## INSTRUCTIONS FOR THE TASK
Word for word, restate the lines of the data below between those holding "image for item" and "Blau Gebraucht 2022", inclusive; pictures do not belong in the copy.

## TASK INPUTS
::::::::
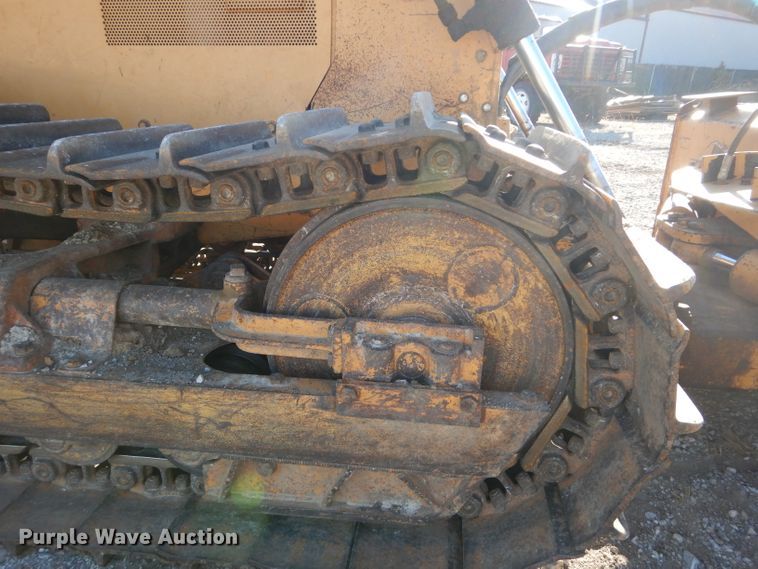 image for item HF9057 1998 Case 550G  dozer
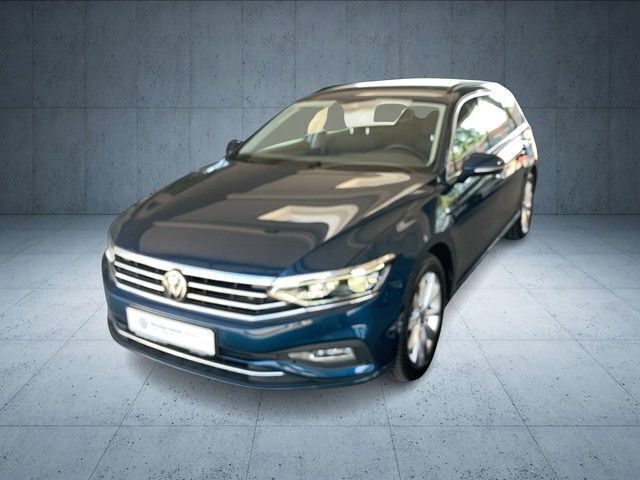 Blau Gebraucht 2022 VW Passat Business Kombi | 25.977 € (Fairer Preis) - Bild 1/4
::::::::
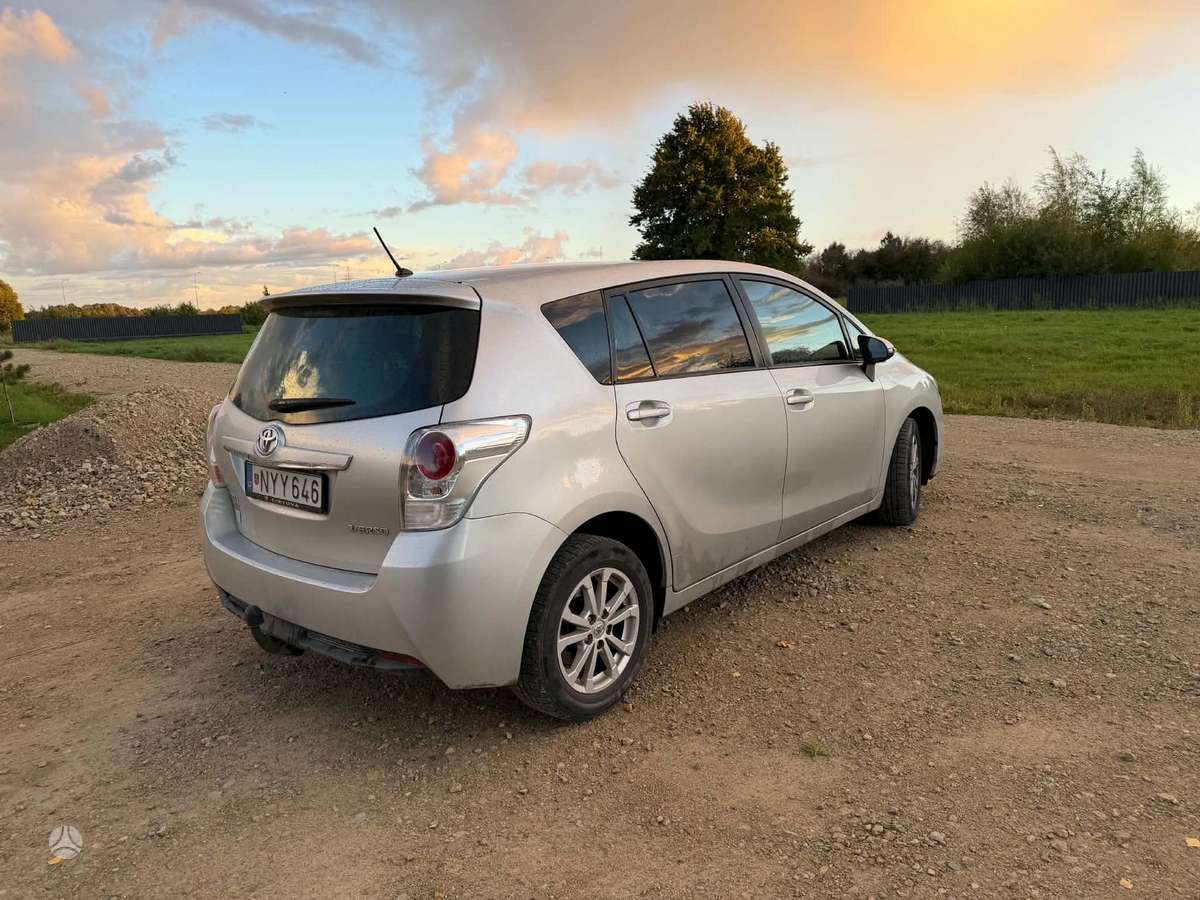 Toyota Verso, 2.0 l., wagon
::::::::
## EXERCISE RESULT
 image for item HF9057 1998 Case 550G  dozer
 Blau Gebraucht 2022 VW Passat Business Kombi | 25.977 € (Fairer Preis) - Bild 1/4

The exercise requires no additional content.